Task statement → Omit all pictures and transcribe only the lines in the entries below that run from the line with "NOOR- Grey Soft" through the line with "YIKELO iPhone 12".

Records for processing →
◇ ◇ ◇ ◇
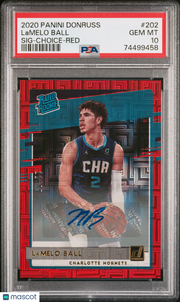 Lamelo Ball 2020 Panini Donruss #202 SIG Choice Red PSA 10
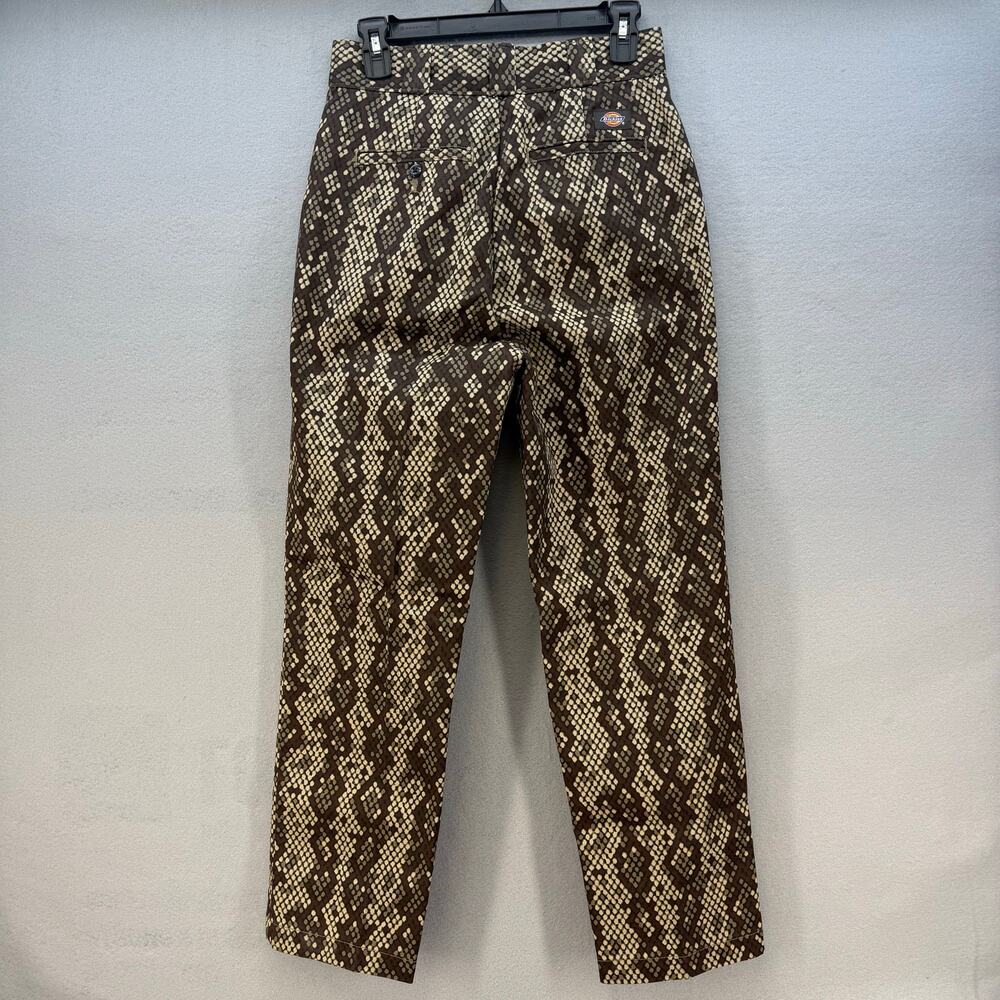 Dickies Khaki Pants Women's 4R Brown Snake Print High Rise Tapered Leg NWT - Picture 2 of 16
◇ ◇ ◇ ◇
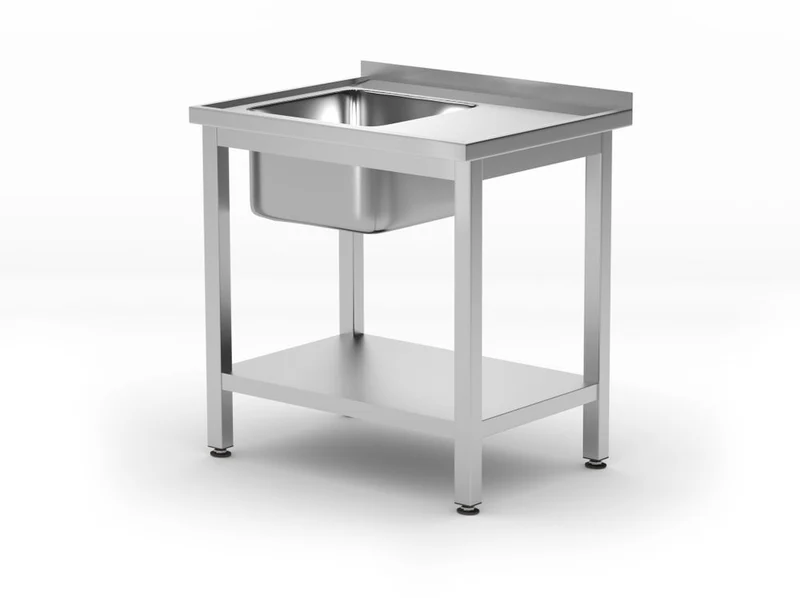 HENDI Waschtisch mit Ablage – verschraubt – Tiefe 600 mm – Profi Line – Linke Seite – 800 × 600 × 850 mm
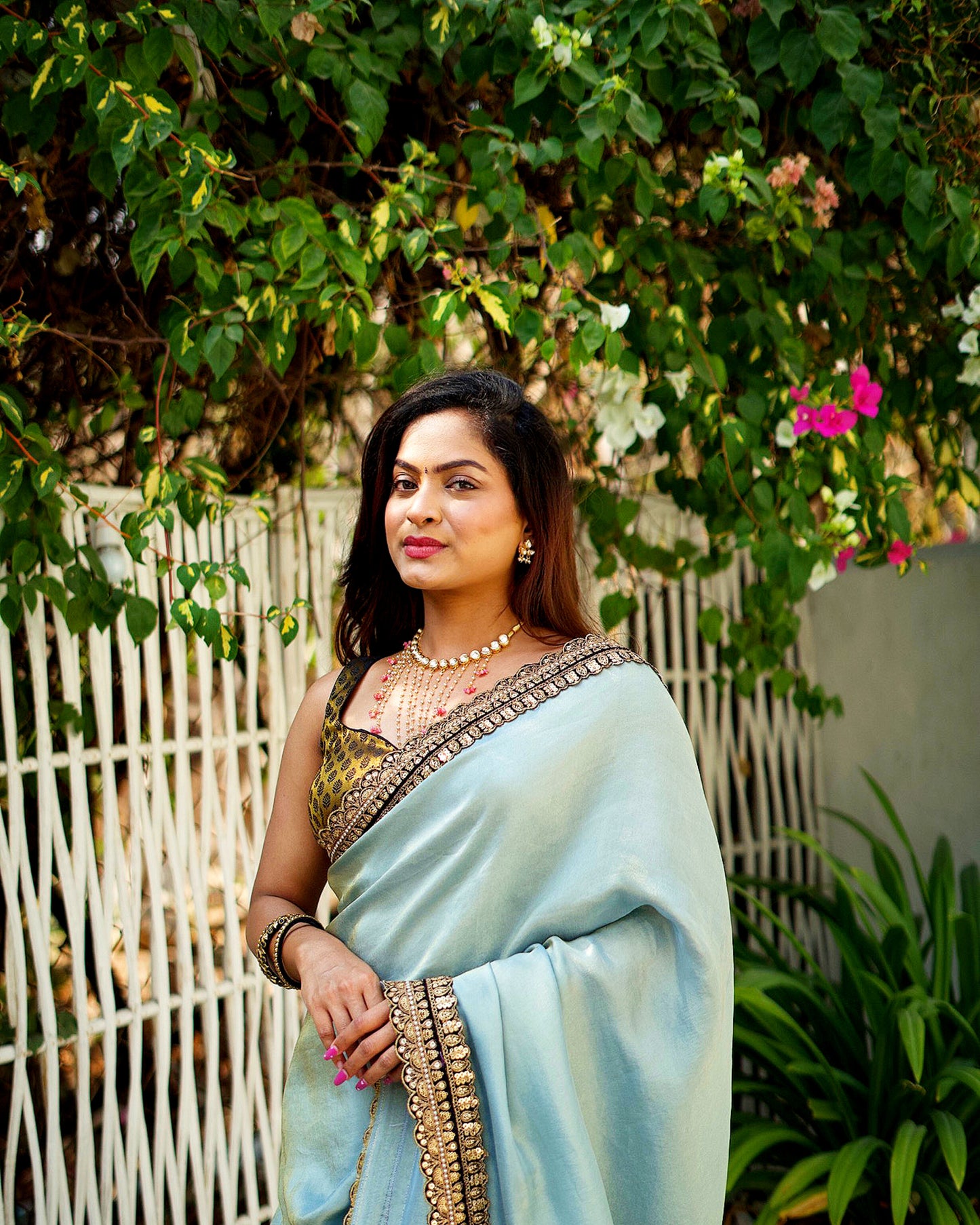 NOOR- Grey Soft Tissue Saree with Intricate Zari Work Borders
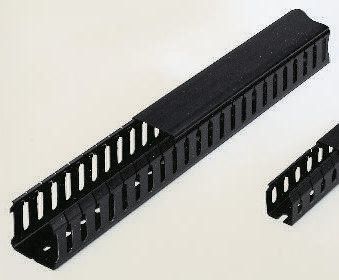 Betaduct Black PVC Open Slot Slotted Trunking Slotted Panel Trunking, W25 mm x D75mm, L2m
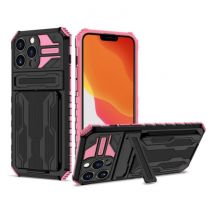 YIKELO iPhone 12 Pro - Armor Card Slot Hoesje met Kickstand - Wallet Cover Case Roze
◇ ◇ ◇ ◇
Solution →
 NOOR- Grey Soft Tissue Saree with Intricate Zari Work Borders
 Betaduct Black PVC Open Slot Slotted Trunking Slotted Panel Trunking, W25 mm x D75mm, L2m
 YIKELO iPhone 12 Pro - Armor Card Slot Hoesje met Kickstand - Wallet Cover Case Roze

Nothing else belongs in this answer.